▶ Exercise description:
Transcribe the entries exactly as given and skip whatever images they hold.

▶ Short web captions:
Start of Block
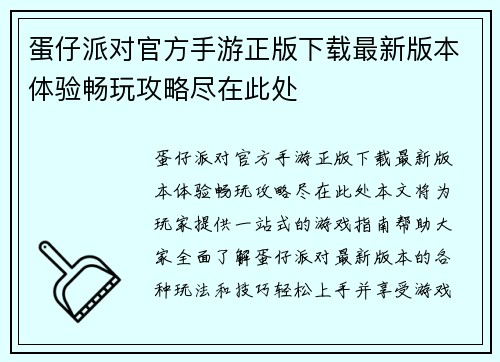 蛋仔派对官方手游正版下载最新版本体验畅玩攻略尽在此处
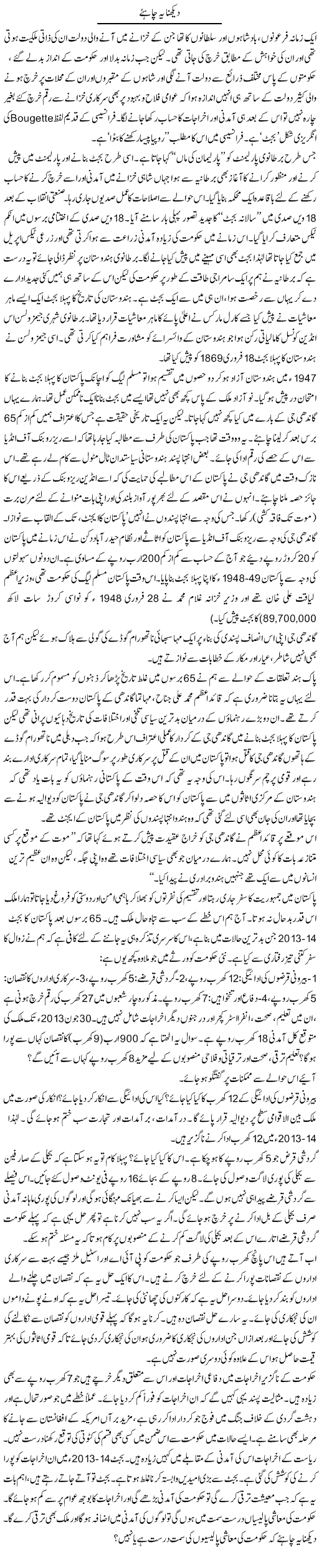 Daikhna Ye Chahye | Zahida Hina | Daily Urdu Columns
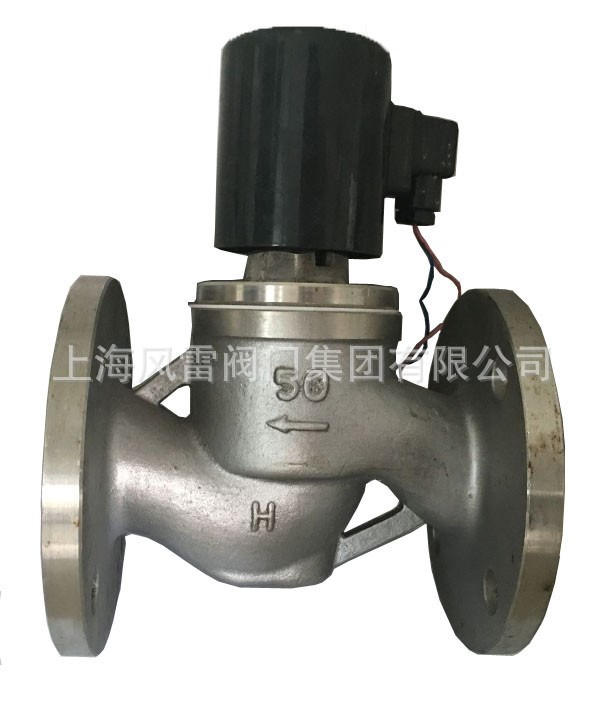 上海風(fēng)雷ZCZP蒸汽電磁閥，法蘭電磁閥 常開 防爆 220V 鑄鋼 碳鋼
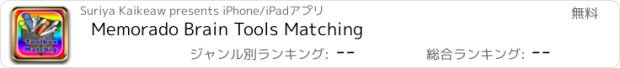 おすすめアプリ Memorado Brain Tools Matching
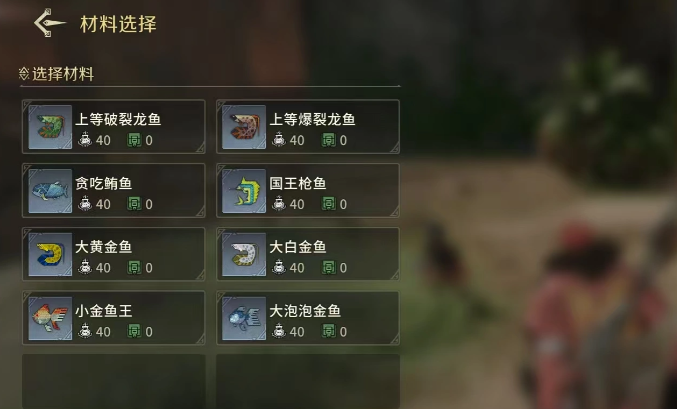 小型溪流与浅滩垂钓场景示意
End of Block
▶ Final answer:
 蛋仔派对官方手游正版下载最新版本体验畅玩攻略尽在此处
 Daikhna Ye Chahye | Zahida Hina | Daily Urdu Columns
 上海風(fēng)雷ZCZP蒸汽電磁閥，法蘭電磁閥 常開 防爆 220V 鑄鋼 碳鋼
 おすすめアプリ Memorado Brain Tools Matching
 小型溪流与浅滩垂钓场景示意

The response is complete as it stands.